**WORK INSTRUCTION:**
Every line of the records below should be restated exactly.

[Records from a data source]
________________________________________

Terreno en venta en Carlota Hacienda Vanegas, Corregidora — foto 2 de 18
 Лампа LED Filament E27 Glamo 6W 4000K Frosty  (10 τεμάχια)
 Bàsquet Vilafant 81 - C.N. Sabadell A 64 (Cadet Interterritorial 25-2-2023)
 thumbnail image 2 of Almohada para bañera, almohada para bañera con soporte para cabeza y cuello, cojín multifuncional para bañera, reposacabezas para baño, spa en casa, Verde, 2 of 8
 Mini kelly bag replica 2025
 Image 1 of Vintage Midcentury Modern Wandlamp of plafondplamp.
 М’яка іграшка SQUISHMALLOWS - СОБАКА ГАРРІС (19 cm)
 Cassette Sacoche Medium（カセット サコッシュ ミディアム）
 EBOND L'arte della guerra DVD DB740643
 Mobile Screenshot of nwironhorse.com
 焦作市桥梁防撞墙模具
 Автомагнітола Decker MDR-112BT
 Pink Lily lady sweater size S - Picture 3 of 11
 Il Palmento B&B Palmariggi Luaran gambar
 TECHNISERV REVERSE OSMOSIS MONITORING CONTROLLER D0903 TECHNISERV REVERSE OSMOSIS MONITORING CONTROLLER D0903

________________________________________

**SOLUTION TO THIS TASK:**
Terreno en venta en Carlota Hacienda Vanegas, Corregidora — foto 2 de 18
 Лампа LED Filament E27 Glamo 6W 4000K Frosty  (10 τεμάχια)
 Bàsquet Vilafant 81 - C.N. Sabadell A 64 (Cadet Interterritorial 25-2-2023)
 thumbnail image 2 of Almohada para bañera, almohada para bañera con soporte para cabeza y cuello, cojín multifuncional para bañera, reposacabezas para baño, spa en casa, Verde, 2 of 8
 Mini kelly bag replica 2025
 Image 1 of Vintage Midcentury Modern Wandlamp of plafondplamp.
 М’яка іграшка SQUISHMALLOWS - СОБАКА ГАРРІС (19 cm)
 Cassette Sacoche Medium（カセット サコッシュ ミディアム）
 EBOND L'arte della guerra DVD DB740643
 Mobile Screenshot of nwironhorse.com
 焦作市桥梁防撞墙模具
 Автомагнітола Decker MDR-112BT
 Pink Lily lady sweater size S - Picture 3 of 11
 Il Palmento B&B Palmariggi Luaran gambar
 TECHNISERV REVERSE OSMOSIS MONITORING CONTROLLER D0903 TECHNISERV REVERSE OSMOSIS MONITORING CONTROLLER D0903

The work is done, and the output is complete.